Durante varios días deambulé dentro de mí intentando explicarme lo que me había pasado. Me sentía traidor. Traidor a todo y a todos. Pero no podía desprenderme de su mirada. Llegaba a la escuela y me sentaba hasta atrás, para no mirarla. Pasaba las tardes haciendo el amor furiosamente con la señora (como le llamaba mi mamá), pero al llegar y mirarla me olvidaba instantáneamente de todo. Hasta que me cansé de mí mismo y de mis extraños procederes; me cansé y comencé a planificar la forma de llegar a ella sin que mi amigo lo sospechara, y menos se enterara de ello.

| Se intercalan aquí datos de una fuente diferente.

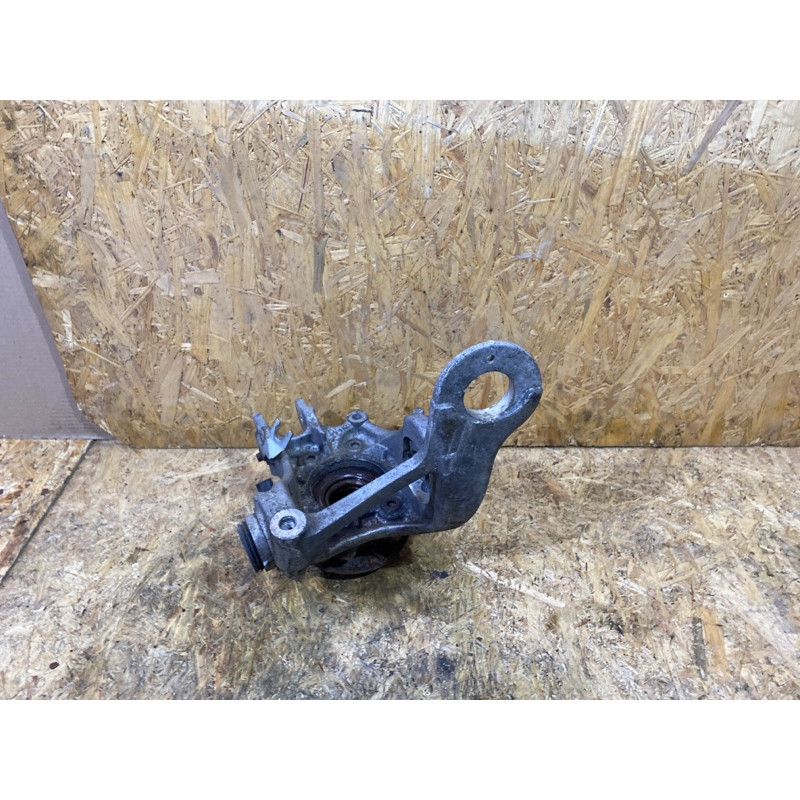 Цапфа подвески (подвеска) Audi A4 B8 8k0505435aa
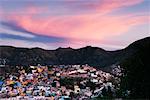 Guanajuato in der Abenddämmerung, Mexiko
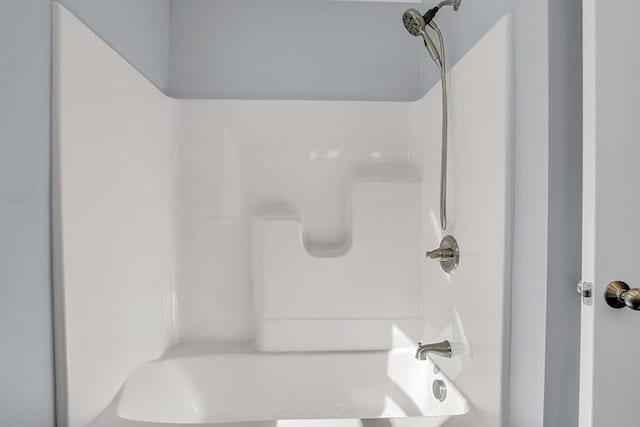 bathroom with washtub / shower combination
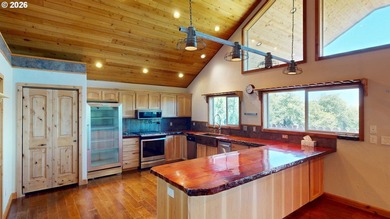 Eclectic style meets original design in this coastal retreat - photo 7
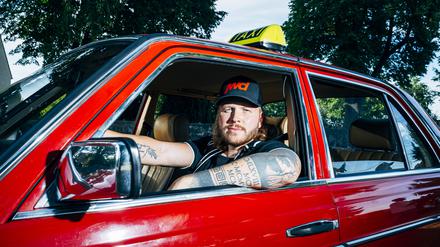 Rapper Finch als Taxifahrer im neuen Brandenburger Werbe-Musikvideo.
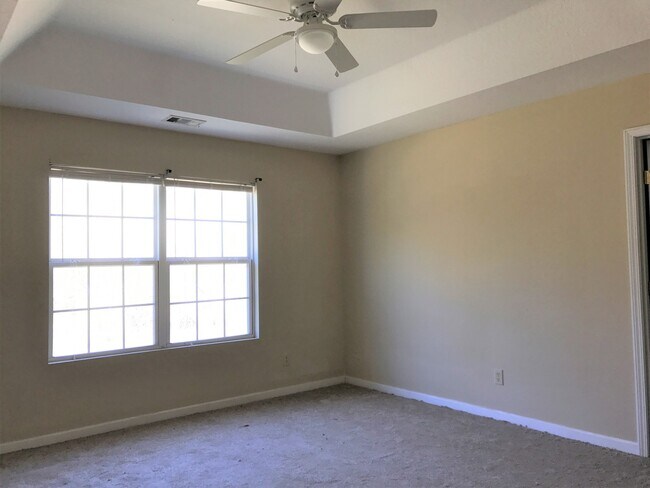 Building Photo - 9045 Whispering Pines Blvd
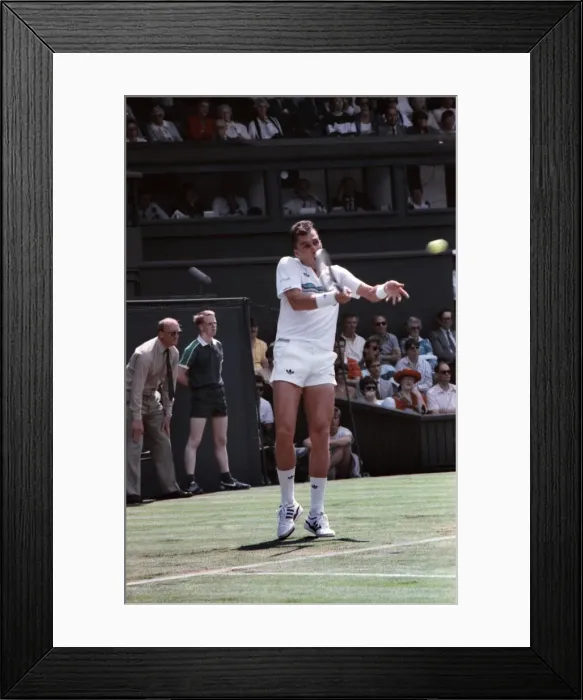 Framed Print : Wimbledon. Ivan Lendl v. Darren Cahill. June 1988 88-3342-065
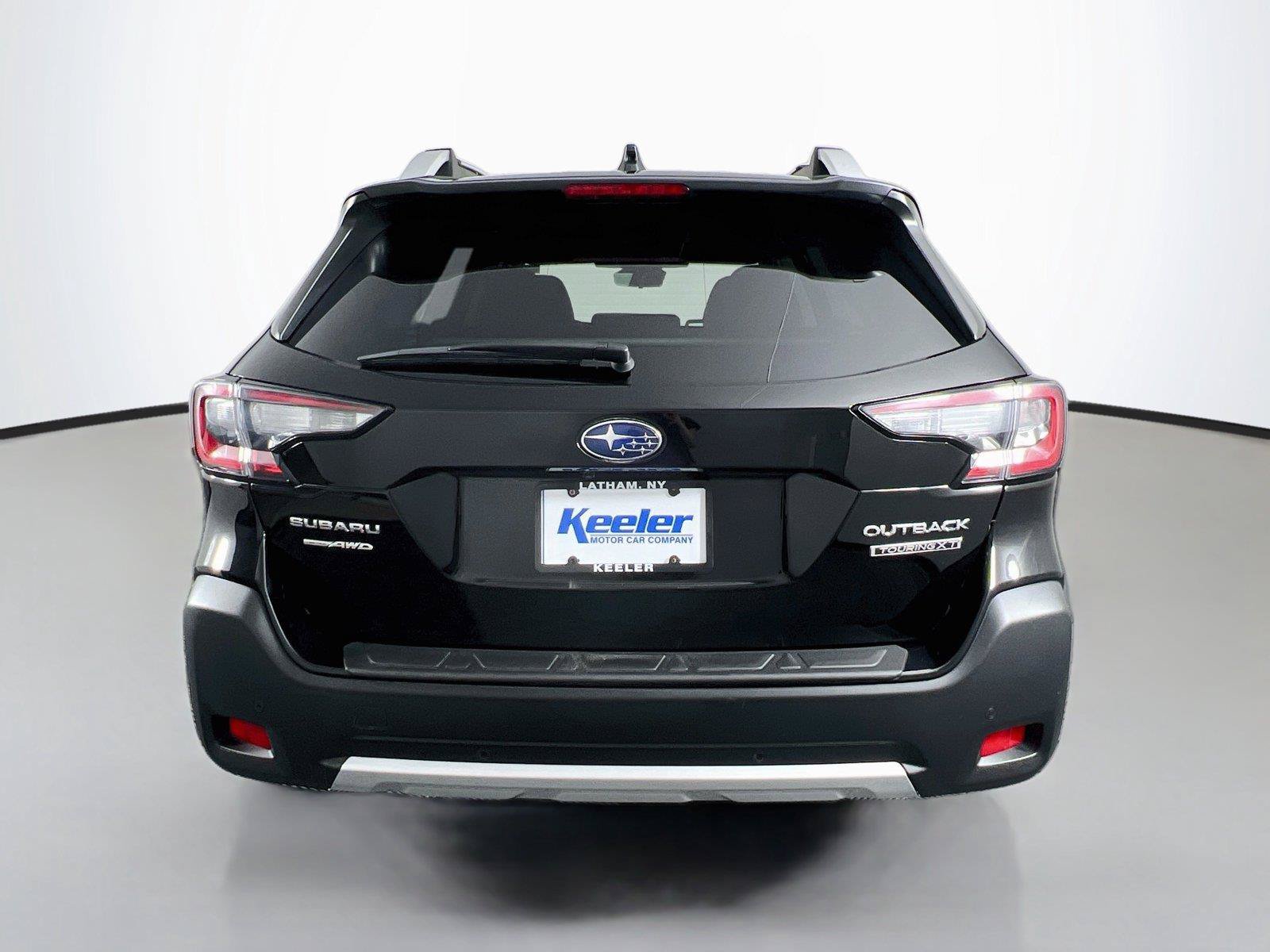 Used 2025 Subaru Outback Touring XT AWD/4WD image 5
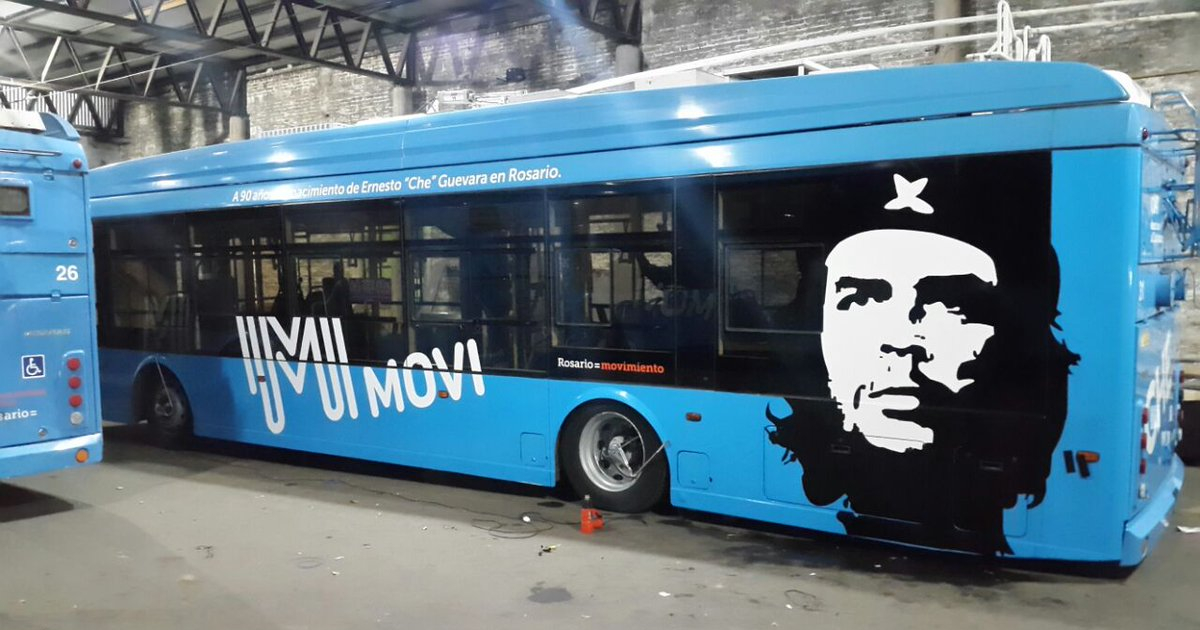 Imagen del Che en ómnibus © Twitter/ Federación Juvenil Comunista de la Argentina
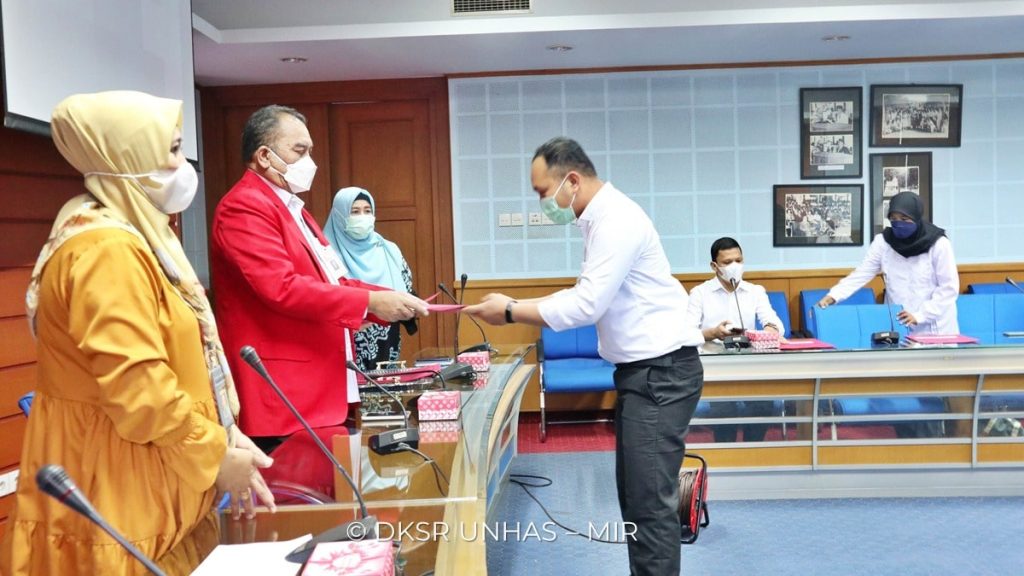 Penyerahan SK Pengangkatan 10 Pegawai NonPNS Tetap di Lingkungan Unhas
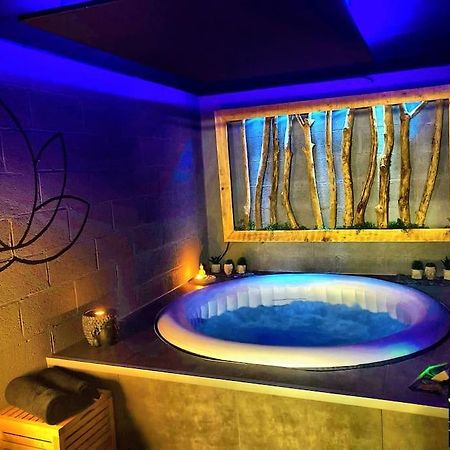 Vip Lounge Appartement Avec Jacuzzi Et Jardin Andenne Exterior photo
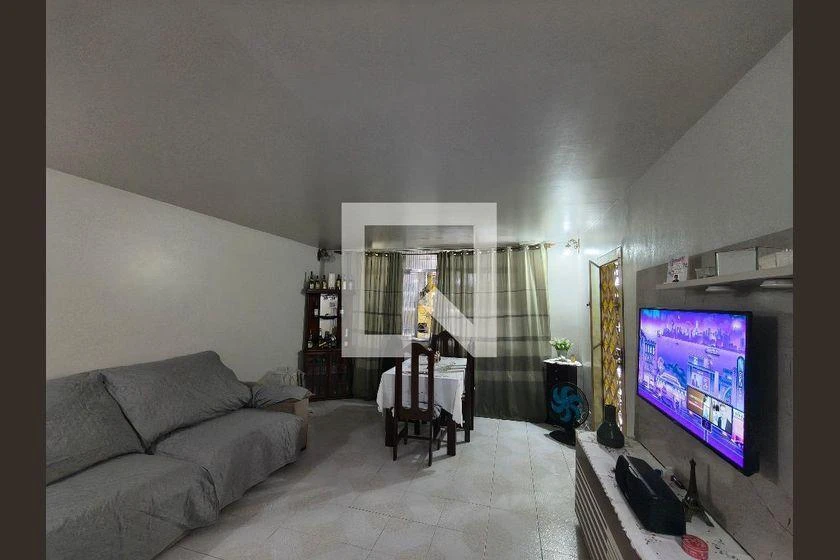Furnished 240 m² house with 5 bedrooms and 5 bathrooms — photo 10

No hubo necesidad. Una mañana, como a las siete y media, cuando acababa de llegar de deambular toda la noche por cafés y cantinas tratando de recordar y de olvidar sus ojos, tocaron a la puerta. Abrió mi madre, subió las gradas y tocó la puerta de mi recámara. Adormilado pregunté que quería tan temprano. Te buscan. Quién. Una muchachita. Enfatizó la palabra y en su tono se adivinaba una alegría extraña. Me levanté y me vestí; salí, me lavé la cara en el baño que quedaba al lado de mi habitación y bajé las escaleras. Al pie estaba mi madre. Dónde está y quién es. Es una niña preciosa y está en la sala. Cuando me asomé la encontré sentada en el sillón. Sentí un golpe en el estómago y una erección inicial que me obligó a sentarme. Nos fuimos caminando despacio hacia el instituto donde estudiaba. Durante todo el camino no hablamos. En la tarde, a la hora de salida del estudio, llegué por ella. Mi mente estaba en blanco. Durante todo el día intenté pensar en lo que haría pero siempre terminaba pensando en la señora, en mi amigo, en mi capacidad de traición y miseria. Caminamos de nuevo en silencio. Pasamos enfrente de mi casa. Ella vivía a unas cinco o seis cuadras. Llegamos al Cerro del Carmen y no seguimos hacia donde ella habitaba. Subimos la colina y nos sentamos en una banca antigua de piedra que estaba debajo de una tupida enramada. Juntos, adheridos, amalgamados, sin movernos. Subí el brazo y le rodeé el cuello. La besé.